Javier no es hombre de halagos ni reconocimientos, lo sé muy bien, pero tengo que decir que aguantó los agasajos con buen temple y tuvo sonrisas y muestras de cariño para todos los asistentes. Es preciso que comience mencionando, para quienes no lo conozcan -lo digo por lo de la universalidad de Internet- que Javier Rapisarda es un artista educador, o un educador artista, lo que no sabría yo delimitar muy bien en su personalidad; pero de lo que sí estoy seguro es que estamos hablando de un magnífico maestro y un ilustre personaje de la Música Escolar de Canarias. Javier ha dedicado su vida profesional a la educación y él entiende por trabajar en la educación "en hacer todo aquello que sea preciso y que redunde en el beneficio de la escuela, del alumnado, de las familias y también de sus propios compañeros". Con ello quiero dejar bien claro que se ha entregado en cuerpo y alma a trabajar "en y por" los centros donde ha estado destinado, dentro y fuera del aula, organizando actividades musicales, cooperando en campañas navideñas, llevando sus composiciones musicales a todos los actos culturales y escolares que fueran precisos, formando musicalmente a sus propios compañeros docentes, creando coros infantiles, y en un inacabable número de tareas que serían imposible detallar en esta reseña. Pero lo mejor de todo ello es que lo ha hecho de forma desinteresada, sin pedir nada a cambio y por la educación. Javier, además, disfruta de una creatividad inigualable, creatividad que ha puesto al servicio de la composición musical y que le ha llevado a conseguir que sus temas suenen en todos los centros, en todos los actos escolares y en los Auditorios canarios en los Conciertos Escolares de las Orquestas Filarmónica de Gran Canaria y Sinfónica de Tenerife.
Dicho esto y para no extenderme más, no sea que él lo vaya a leer y me riña, quiero comentar que anoche, tras la inauguración del aula del centro que llevará rotulado su nombre, se hizo un acto precioso en el que intervinieron sus alumnos y compañeros.
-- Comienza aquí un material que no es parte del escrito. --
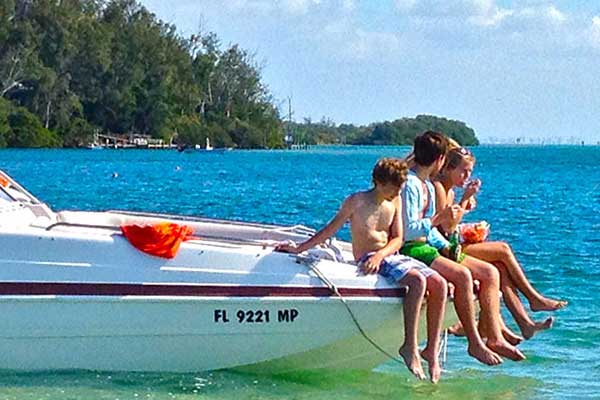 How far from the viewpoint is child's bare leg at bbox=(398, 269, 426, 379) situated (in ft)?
29.2

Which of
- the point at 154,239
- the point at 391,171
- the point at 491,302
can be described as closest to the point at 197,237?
the point at 154,239

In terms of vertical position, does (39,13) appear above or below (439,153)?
above

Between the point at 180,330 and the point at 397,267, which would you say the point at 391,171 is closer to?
the point at 397,267

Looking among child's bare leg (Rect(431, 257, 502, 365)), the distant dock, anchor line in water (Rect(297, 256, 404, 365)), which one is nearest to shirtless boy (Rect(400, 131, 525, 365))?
child's bare leg (Rect(431, 257, 502, 365))

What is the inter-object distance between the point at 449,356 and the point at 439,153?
10.2 feet

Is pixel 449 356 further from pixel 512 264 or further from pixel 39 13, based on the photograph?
pixel 39 13

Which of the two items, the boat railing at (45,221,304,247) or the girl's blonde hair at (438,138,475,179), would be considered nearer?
the boat railing at (45,221,304,247)

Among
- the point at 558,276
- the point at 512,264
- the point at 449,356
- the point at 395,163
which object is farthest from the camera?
the point at 558,276

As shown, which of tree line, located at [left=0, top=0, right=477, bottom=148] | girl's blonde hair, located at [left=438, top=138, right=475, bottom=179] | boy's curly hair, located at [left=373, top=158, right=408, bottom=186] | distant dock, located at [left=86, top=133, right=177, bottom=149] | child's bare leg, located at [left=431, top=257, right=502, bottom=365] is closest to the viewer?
boy's curly hair, located at [left=373, top=158, right=408, bottom=186]

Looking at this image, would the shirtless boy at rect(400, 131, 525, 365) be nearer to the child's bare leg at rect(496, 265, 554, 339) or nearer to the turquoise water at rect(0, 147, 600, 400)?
the child's bare leg at rect(496, 265, 554, 339)

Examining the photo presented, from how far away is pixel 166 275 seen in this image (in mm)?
8922

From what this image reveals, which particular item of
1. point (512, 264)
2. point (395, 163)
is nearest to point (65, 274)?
point (395, 163)

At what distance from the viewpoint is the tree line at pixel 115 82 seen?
105 metres

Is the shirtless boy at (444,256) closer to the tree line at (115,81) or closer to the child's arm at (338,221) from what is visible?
the child's arm at (338,221) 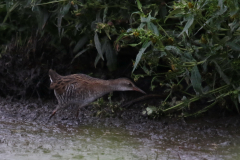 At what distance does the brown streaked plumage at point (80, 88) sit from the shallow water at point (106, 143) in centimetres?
55

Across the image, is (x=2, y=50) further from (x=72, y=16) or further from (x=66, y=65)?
(x=72, y=16)

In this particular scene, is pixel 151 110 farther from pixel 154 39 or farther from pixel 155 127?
pixel 154 39

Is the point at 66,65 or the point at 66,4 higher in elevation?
the point at 66,4

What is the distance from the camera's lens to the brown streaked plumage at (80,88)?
539cm

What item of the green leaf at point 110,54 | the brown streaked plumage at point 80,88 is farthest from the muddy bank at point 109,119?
the green leaf at point 110,54

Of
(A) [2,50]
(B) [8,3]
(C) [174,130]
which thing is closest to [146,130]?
(C) [174,130]

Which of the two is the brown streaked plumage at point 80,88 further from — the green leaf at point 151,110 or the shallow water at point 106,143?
the shallow water at point 106,143

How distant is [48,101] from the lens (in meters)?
6.03

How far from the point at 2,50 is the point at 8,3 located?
1.17 meters

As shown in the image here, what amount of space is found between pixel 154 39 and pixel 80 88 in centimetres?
238

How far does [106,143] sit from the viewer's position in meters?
4.20

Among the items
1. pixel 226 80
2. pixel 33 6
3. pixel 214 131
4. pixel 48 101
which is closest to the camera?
pixel 226 80

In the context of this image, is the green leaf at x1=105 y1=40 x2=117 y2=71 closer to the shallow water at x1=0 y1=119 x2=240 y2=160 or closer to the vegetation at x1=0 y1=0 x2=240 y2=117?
the vegetation at x1=0 y1=0 x2=240 y2=117

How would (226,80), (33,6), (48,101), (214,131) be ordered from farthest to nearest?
(48,101) → (33,6) → (214,131) → (226,80) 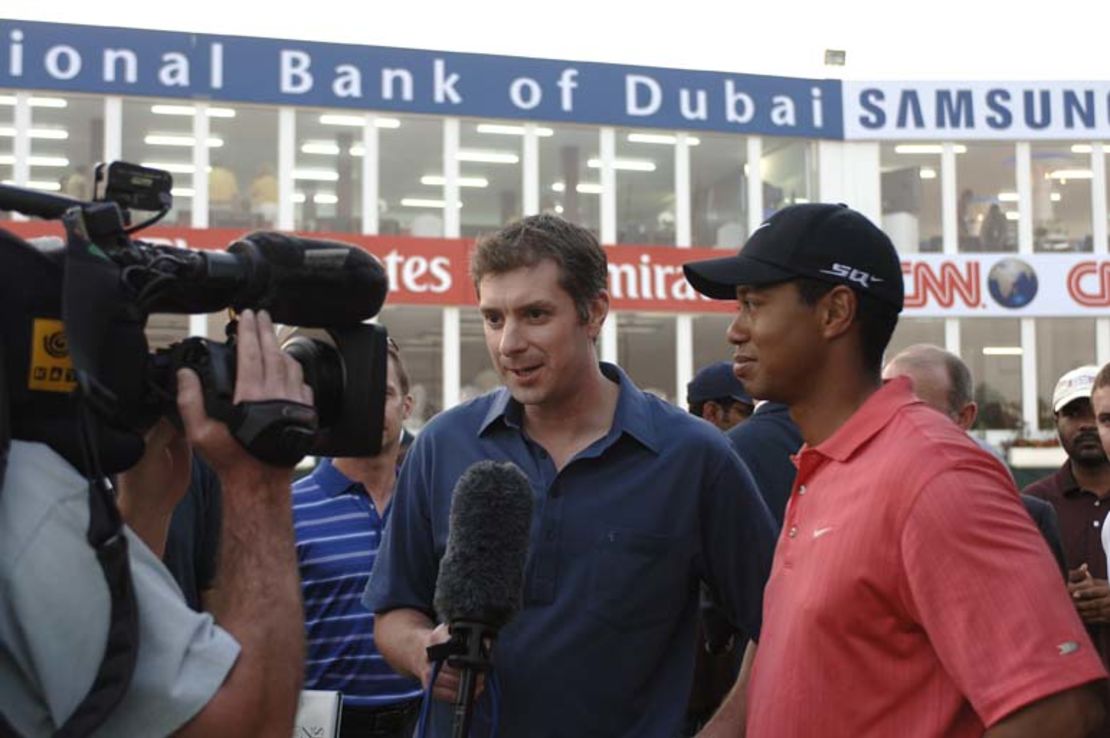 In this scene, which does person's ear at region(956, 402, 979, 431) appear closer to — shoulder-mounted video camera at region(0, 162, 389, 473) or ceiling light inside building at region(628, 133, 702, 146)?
shoulder-mounted video camera at region(0, 162, 389, 473)

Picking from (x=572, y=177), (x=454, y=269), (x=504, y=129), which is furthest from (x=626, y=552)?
(x=572, y=177)

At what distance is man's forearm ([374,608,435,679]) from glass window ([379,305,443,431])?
21.9 meters

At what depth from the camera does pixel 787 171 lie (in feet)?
90.5

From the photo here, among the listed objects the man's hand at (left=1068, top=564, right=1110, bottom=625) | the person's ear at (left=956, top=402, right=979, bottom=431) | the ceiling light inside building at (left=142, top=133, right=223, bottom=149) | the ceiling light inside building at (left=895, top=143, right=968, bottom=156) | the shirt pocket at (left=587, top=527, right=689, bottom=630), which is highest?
the ceiling light inside building at (left=895, top=143, right=968, bottom=156)

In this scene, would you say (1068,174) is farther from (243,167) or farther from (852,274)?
(852,274)

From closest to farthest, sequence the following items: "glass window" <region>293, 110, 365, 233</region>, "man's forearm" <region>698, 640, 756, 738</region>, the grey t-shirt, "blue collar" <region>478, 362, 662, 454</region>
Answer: the grey t-shirt
"man's forearm" <region>698, 640, 756, 738</region>
"blue collar" <region>478, 362, 662, 454</region>
"glass window" <region>293, 110, 365, 233</region>

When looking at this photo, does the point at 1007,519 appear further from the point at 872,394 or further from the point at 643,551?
the point at 643,551

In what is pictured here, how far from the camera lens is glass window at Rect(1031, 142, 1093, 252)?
2814cm

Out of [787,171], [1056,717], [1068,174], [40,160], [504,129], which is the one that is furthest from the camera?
[1068,174]

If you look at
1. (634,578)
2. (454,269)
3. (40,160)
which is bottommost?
(634,578)

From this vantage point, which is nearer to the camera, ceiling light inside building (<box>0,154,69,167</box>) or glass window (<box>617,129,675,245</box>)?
ceiling light inside building (<box>0,154,69,167</box>)

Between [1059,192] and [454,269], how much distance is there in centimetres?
1282

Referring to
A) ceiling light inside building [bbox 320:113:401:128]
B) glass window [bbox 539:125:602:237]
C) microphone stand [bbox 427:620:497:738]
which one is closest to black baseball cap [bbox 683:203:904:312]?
microphone stand [bbox 427:620:497:738]

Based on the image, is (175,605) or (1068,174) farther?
(1068,174) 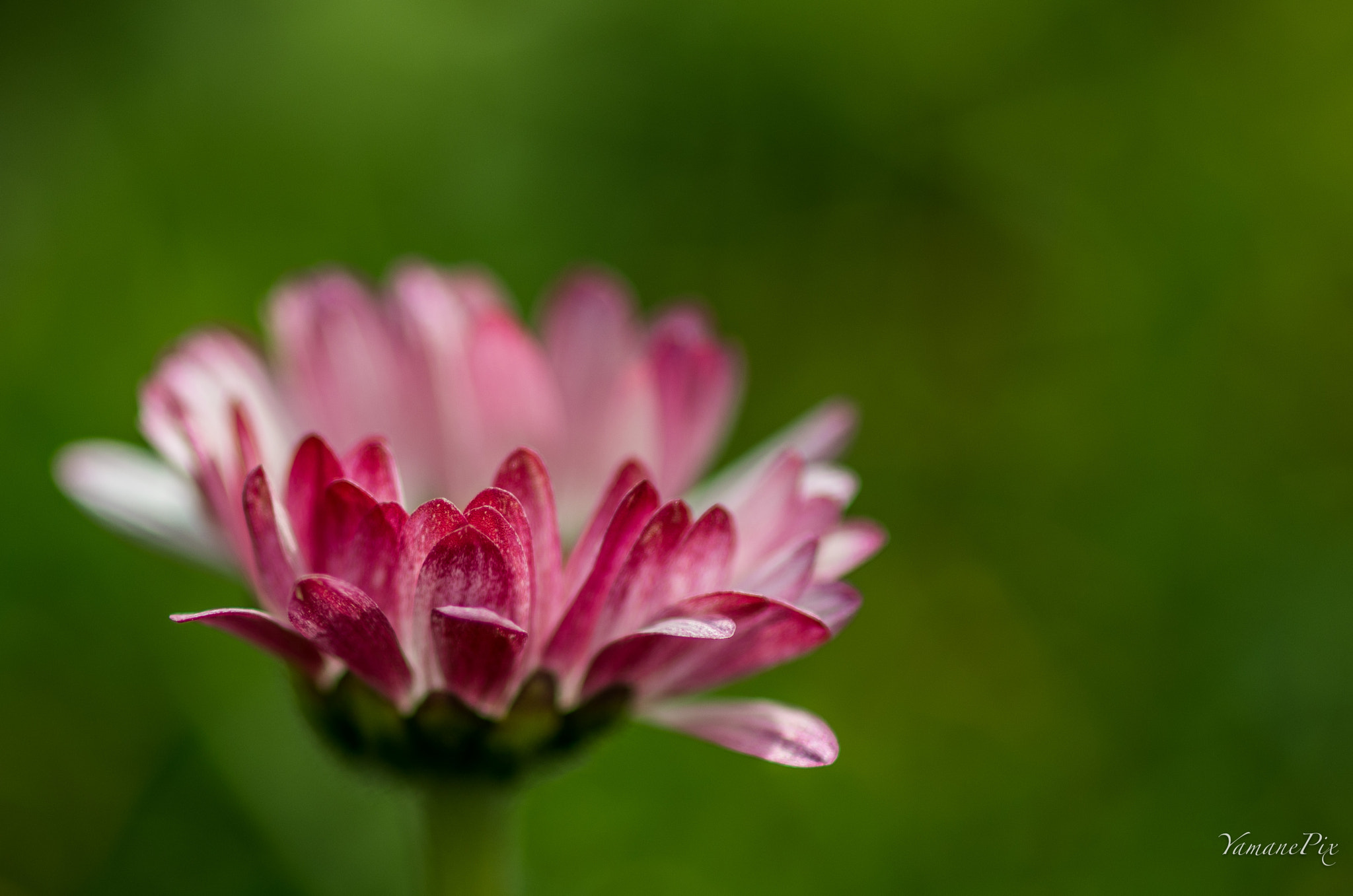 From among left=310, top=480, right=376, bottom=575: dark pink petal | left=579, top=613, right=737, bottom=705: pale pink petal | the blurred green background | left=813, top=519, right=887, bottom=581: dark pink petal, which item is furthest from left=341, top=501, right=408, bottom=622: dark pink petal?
the blurred green background

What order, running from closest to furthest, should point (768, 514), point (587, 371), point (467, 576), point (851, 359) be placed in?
point (467, 576) → point (768, 514) → point (587, 371) → point (851, 359)

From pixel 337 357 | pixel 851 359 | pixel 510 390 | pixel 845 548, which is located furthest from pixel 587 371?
pixel 851 359

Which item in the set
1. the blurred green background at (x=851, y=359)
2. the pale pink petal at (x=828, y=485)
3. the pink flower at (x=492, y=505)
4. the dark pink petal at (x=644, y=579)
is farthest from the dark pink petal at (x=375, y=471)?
the blurred green background at (x=851, y=359)

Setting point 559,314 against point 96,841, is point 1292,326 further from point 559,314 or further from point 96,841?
point 96,841

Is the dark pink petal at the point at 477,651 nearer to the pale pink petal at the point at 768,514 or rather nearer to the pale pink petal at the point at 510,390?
the pale pink petal at the point at 768,514

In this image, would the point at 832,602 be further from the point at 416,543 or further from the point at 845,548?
the point at 416,543

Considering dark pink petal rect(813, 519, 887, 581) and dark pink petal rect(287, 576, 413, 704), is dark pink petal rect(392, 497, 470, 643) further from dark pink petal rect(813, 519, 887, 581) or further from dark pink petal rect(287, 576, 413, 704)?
dark pink petal rect(813, 519, 887, 581)

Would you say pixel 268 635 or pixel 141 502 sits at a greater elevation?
pixel 141 502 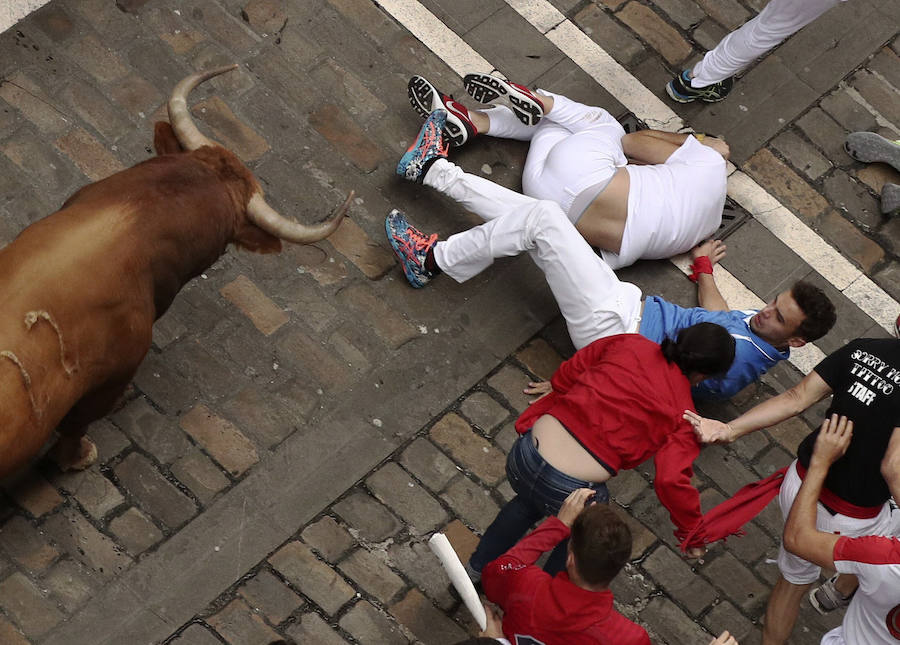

En el Coro Infantil de Arucas, creado y dirigido por él durante muchos años, había miembros de todas las edades, desde educación infantil hasta universitarios, y cantaron temas de su creación que todo el público acompañamos con palmas y voces, estas últimas no tan afinadas, por cierto, como las que provenían del escenario, pero hicimos lo que pudimos. Luego, compañeros maestros y amigos cantaron otros temas tan emotivos como los anteriores. A mí, me pidieron que le dirigiera unas palabras y lo hice poniendo mucho cariño e intentando estar a la altura del acto, lo que no sé si conseguí. Desde luego sí que aproveché para agradecerle su cooperación en mis programas de radio, en los actos del Cartel Escolar que organizaba, en la música que ha puesto en algunas rimas mías, (una de ellas dedicada a mi hija Carolina) y en el trato tan cercano que siempre ha tenido conmigo. No faltaron el fin de fiesta con una gran picada, las conversaciones de todos los compañeros sobre la labor que ha realizado Javier y la deuda que la educación canaria tendrá eternamente con él. Muchas felicidades Javier y que sigas creando y haciendo que todos nos emocionemos cada vez que suenen en las aulas algunos de tus temas musicales. Un abrazo, amigo y enhorabuena.